IDOMENI, Greece -- You see the first camp long before you see the border. A sudden population of ragged tents and ragged people spread around and above a highway gas station. And then suddenly, another camp on the other side of the road. And then more people living in what appears to be an abandoned motel. Not really living, more like occupying. Waiting. Halted there by Europe’s decision to stop the mass migration that has become the continent’s greatest crisis since World War 2.

And then you get to Idomeni itself, the actual border crossing between Greece and Macedonia, which has become a shameful and appalling slum.
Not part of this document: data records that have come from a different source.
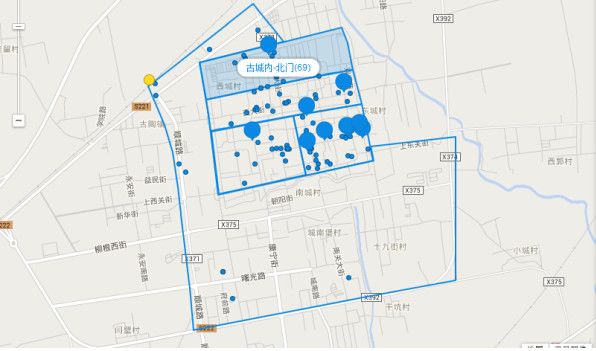 平遥一日游攻略自驾_北京到平遥旅游攻略_平遥古城旅游攻略自驾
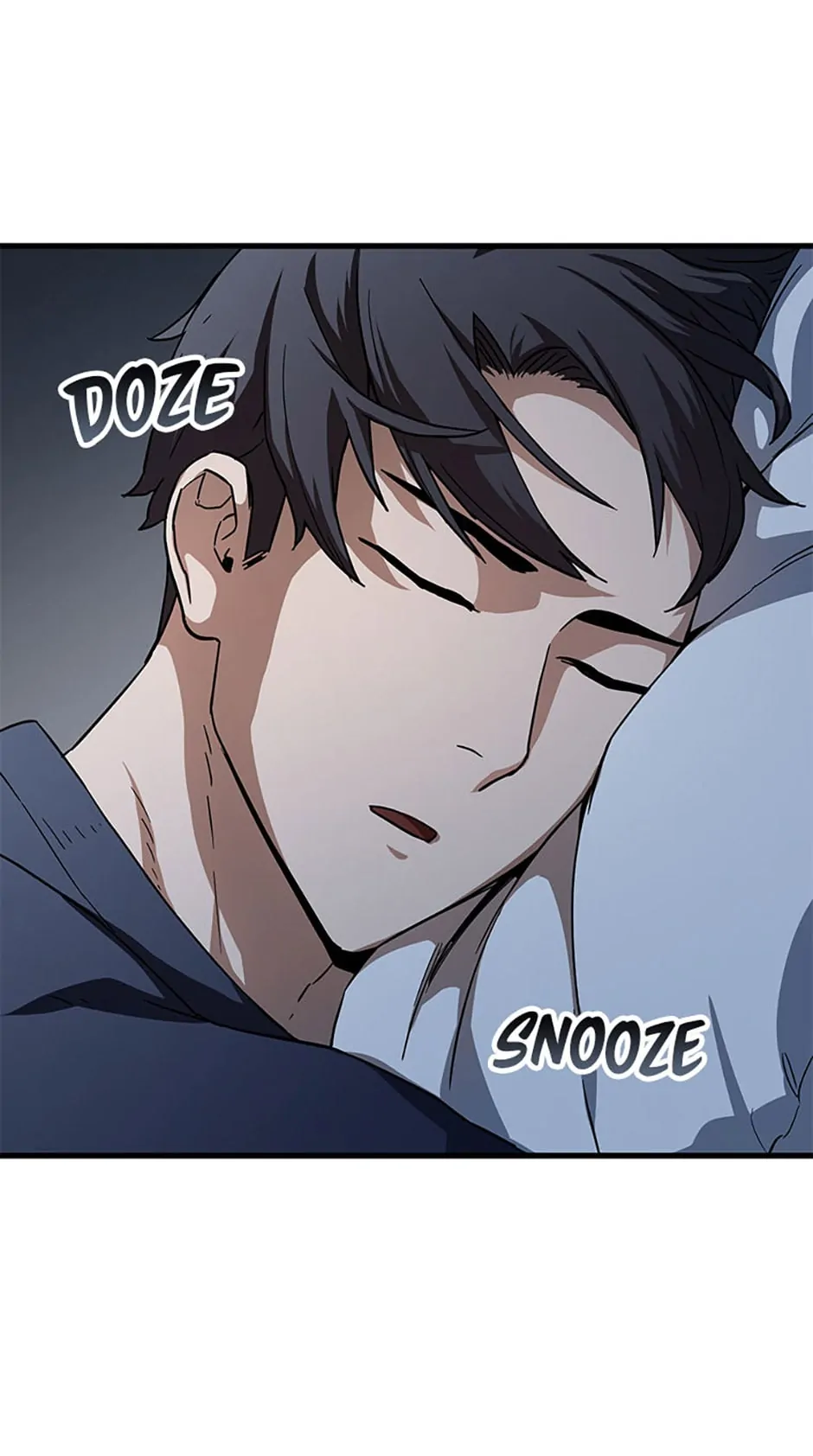 Read The Player Who Can't Level Up Manga Online
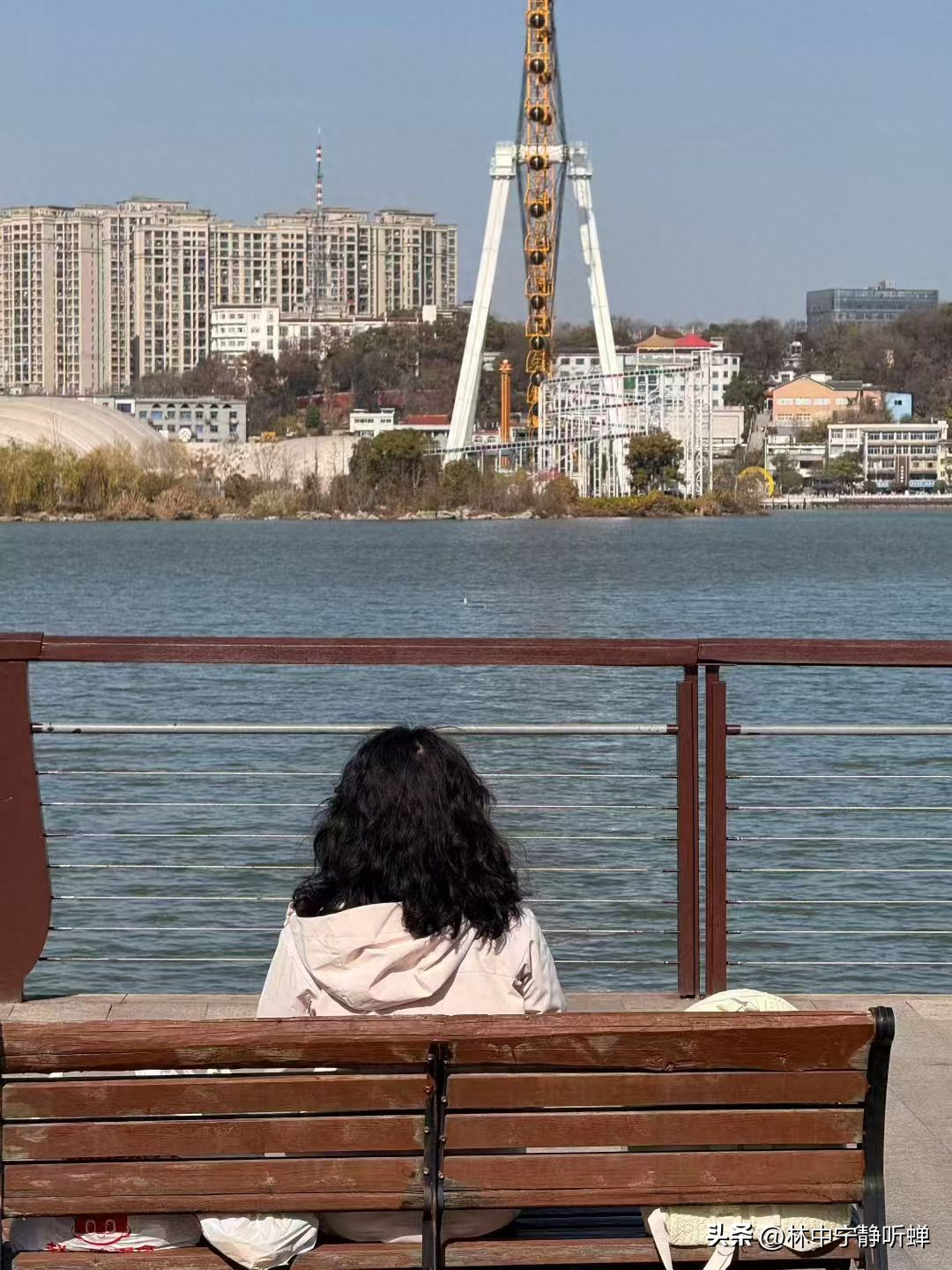 2026 年女大学生就业现状剖析与突围建议，关乎大学就业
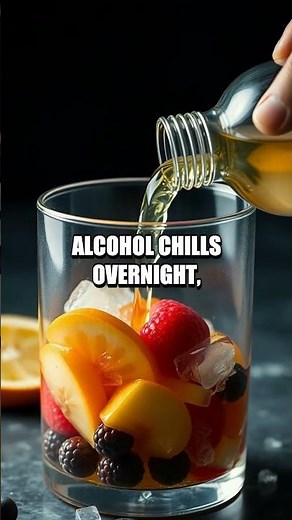 Home Fruit DNA Extraction: A Gentle Kitchen Experiment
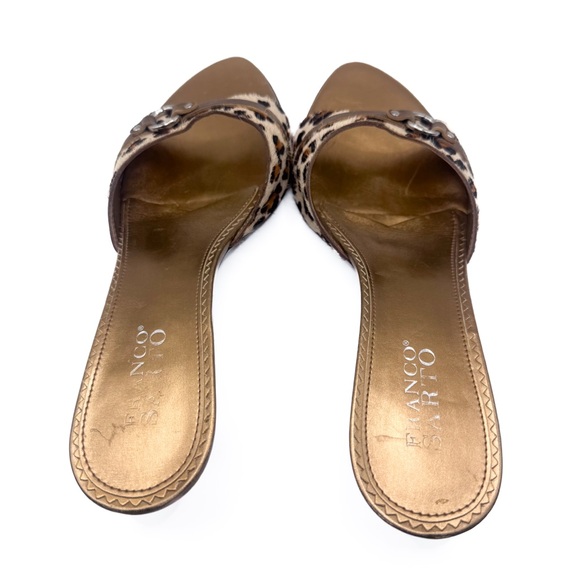 DNB - Picture 8 of 9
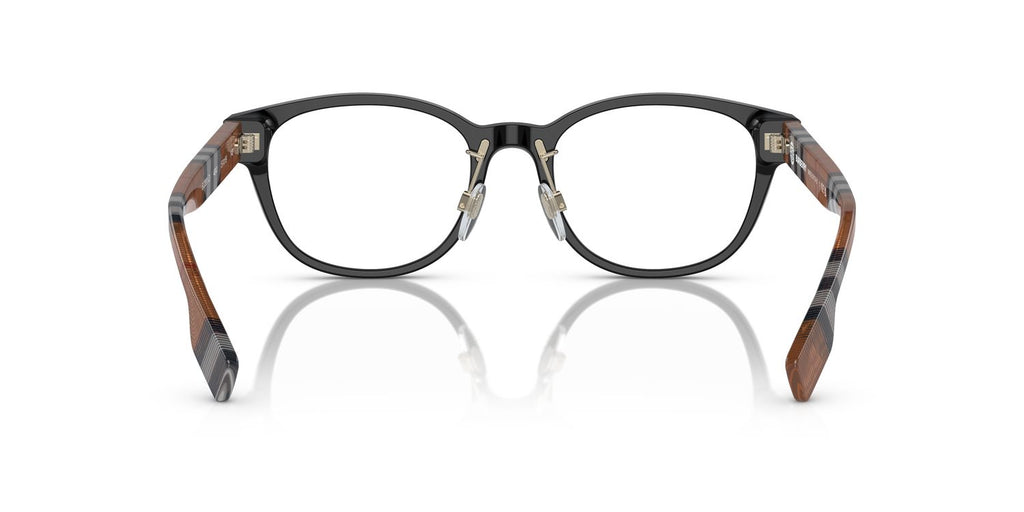 Burberry | 0BE2381D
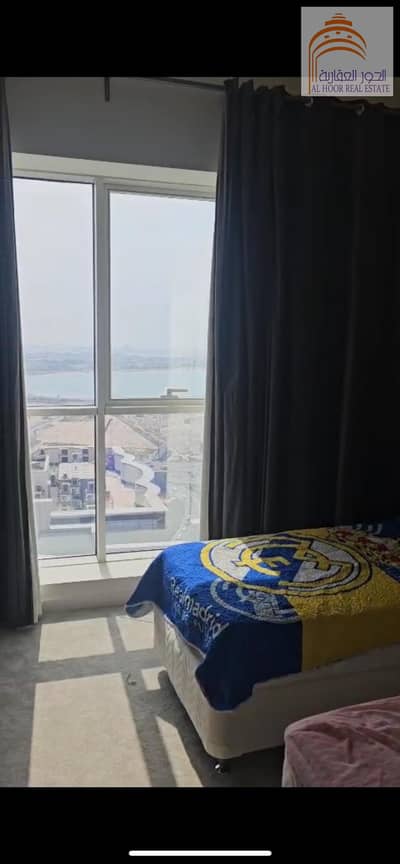3 Bedroom Flat for Sale in Al Nahda (Sharjah), Sharjah - WhatsApp Image 2025-07-24 at 4.52. 37 PM (1). jpeg
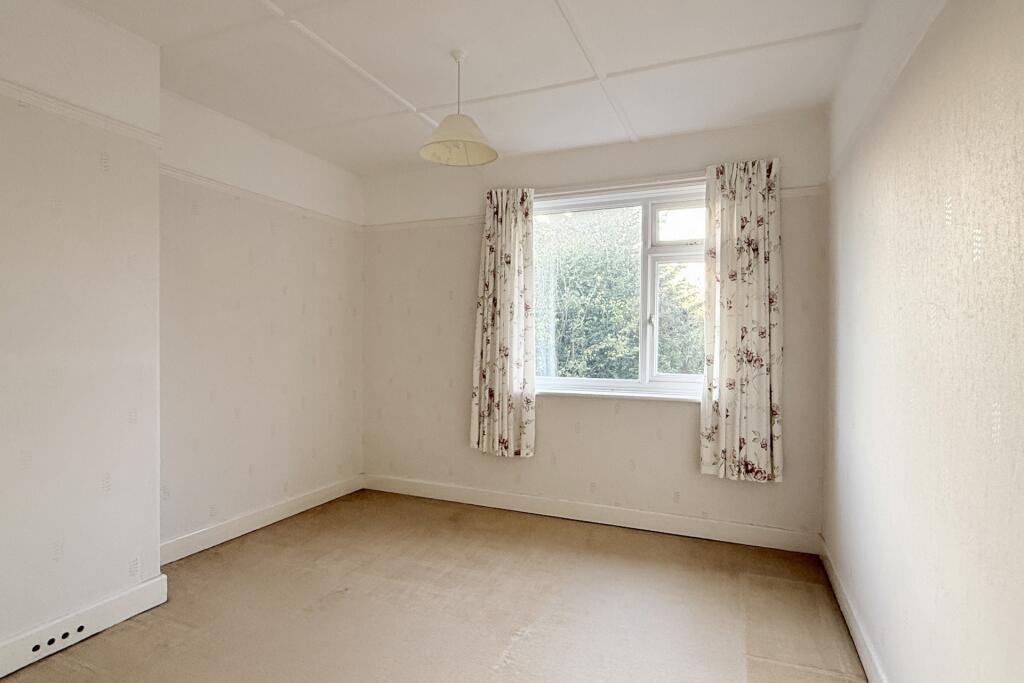 Additional image 8 of Summerleaze Park, Yeovil, BA20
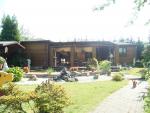 nuijeneind 24-239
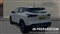 Nissan Qashqai Image 2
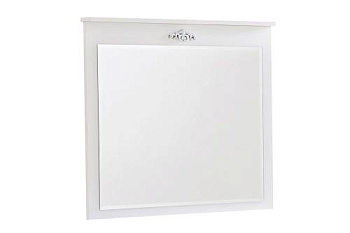 стандартный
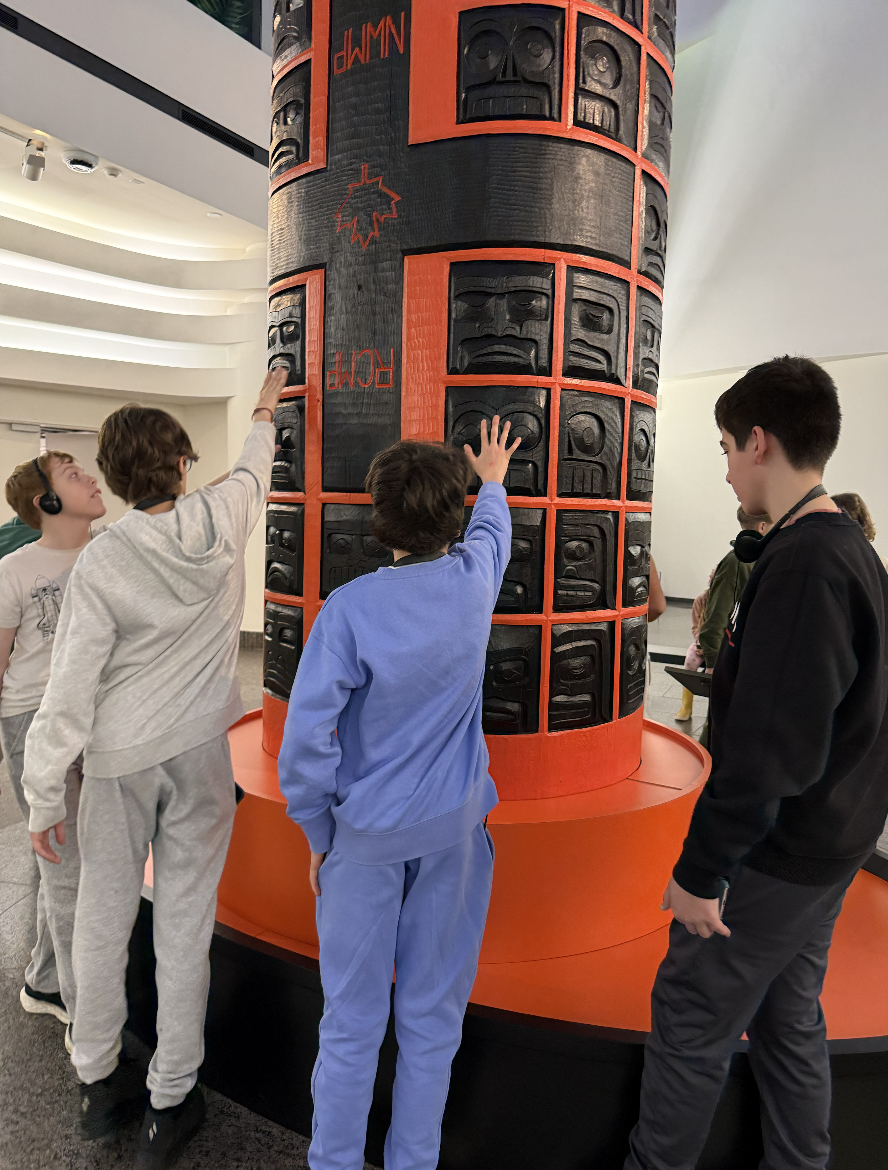 Screenshot 2026-04-18 at 9.10.27 AM.png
It used to be little more than a train stop; now a mass of tents sprawls and spreads along the tracks and across fields, stopping just short of the razor wire that block the door to Western Europe. The so-called Balkan route. The wire is glistening and silvery in the sunlight.

“Squalid and wretched have been used by some people to describe this place, and they’re probably pretty good words.”

I’m talking to David Garley, a doctor from Britain who’s been here for a few weeks as a volunteer with Medecins du Monde.

“We can’t give advice but we do encourage people to leave this place, which is disgusting.”

But few people do leave and go to other “hotspot” camps set up by the Greek government, where conditions are said to be better. They want to be able to see the fence, to be near the gate, just in case it opens and they have only a few minutes to grab their belongings and run through. And so they squat in the dirt and misery of Idomeni, and wait.

Amina Khalil shows me her newborn baby, delivered into a dirty blanket, in a dirty tent, in a place far from her home in northern Syria. She left behind a real war zone in the Middle East, for a political war zone in Europe.

“I have no home there,” she says in fractured English, “and I have nothing here. I can’t go back and I can’t go ahead.”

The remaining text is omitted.